Bet you didn’t know Microsoft was enabling an invasion of your privacy by making your computer less secure. Aside from their usual, sloppy coding, of course.

Hackers have released an application designed to thwart a Microsoft-packaged forensic toolkit used by law enforcement agencies to examine a suspect’s hard drive during a raid.

The hacker tool, dubbed Decaf, is designed to counteract the Computer Online Forensic Evidence Extractor, aka Cofee. The latter is a suite of 150 bundled, off-the-shelf forensic tools that run from a script. Microsoft combined the programs into a portable tool that can be used by law enforcement agents in the field before they bring a computer back to their forensic lab. The script runs on a USB stick that agents plug into the machine.

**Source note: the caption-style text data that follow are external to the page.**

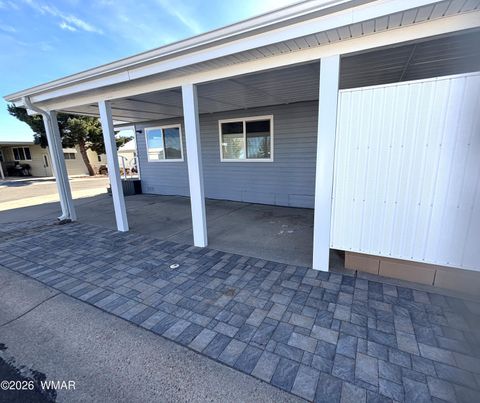 Tiny photo for 1894 Lynx Drive #119, Show Low, AZ 85901 (MLS # 259164)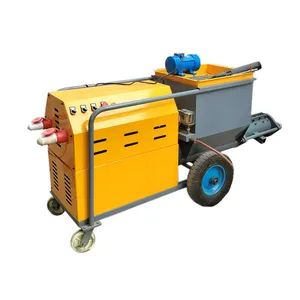 Precision - Controlled Mortar Spraying Machine for Accurate Thermal Insulation Mortar Application - Xingtai Haopeng Machinery Equipment Manufacturing Co., Ltd. - China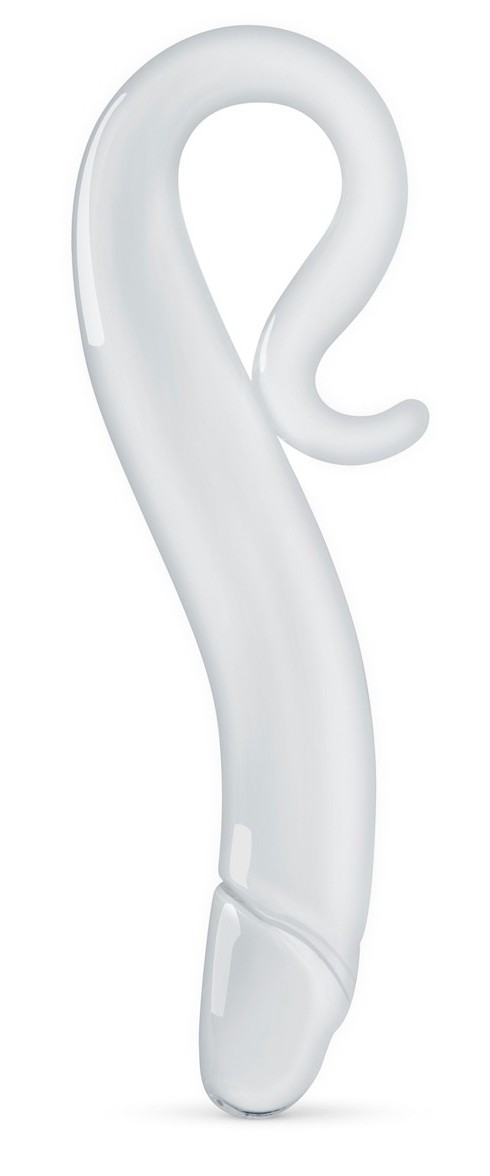Dildo en Verre n 14 - 18 x 2.6 cm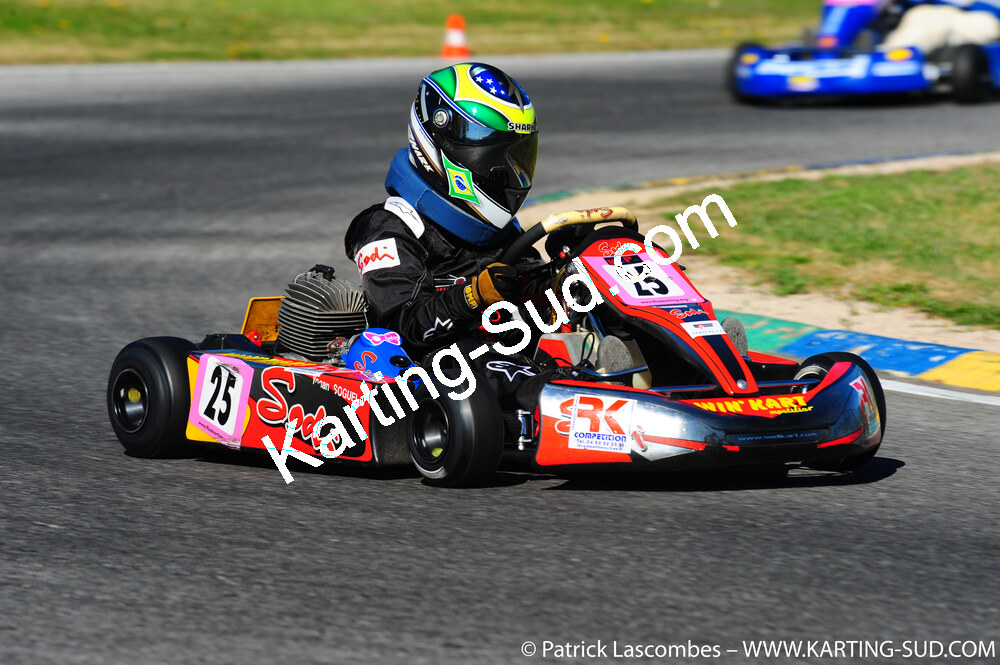 26/10/2008 : Trophée Vincent Sanchez 2/2 à Lavelanet (photos Patrick Lascombes) 2008 — karting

The tools scan files and gather information about activities performed on the machine, such as where the user surfed on the internet or what files were downloaded.




  1. Rabble Rouser says:

    Welcome to the Police States of Amerika. Luckily, there are still some hackers out there who are on the ball.

  2. jmsiowa says:

    I wonder if having this on your computer will automatically make you suspect by the police/border patrol?

  3. Xof says:

    So glad to be on a Mac!

  4. SparkyOne says:

    Now with automatic Global Climate Change adjustments to the data, if trends are to have meaning.

  5. Somebody_Else says:

    This story is old (and misleading).

    If the cops have physical access to your machine then you’re fucked. They can get to your data with or without the toolkit. Any reasonably smart IT person can reset a Windows password.

    While I think this was a dumb move of Microsoft’s part from a PR standpoint it’s not like they gave them anything they don’t already have. It’s not a super-secret backdoor into your system.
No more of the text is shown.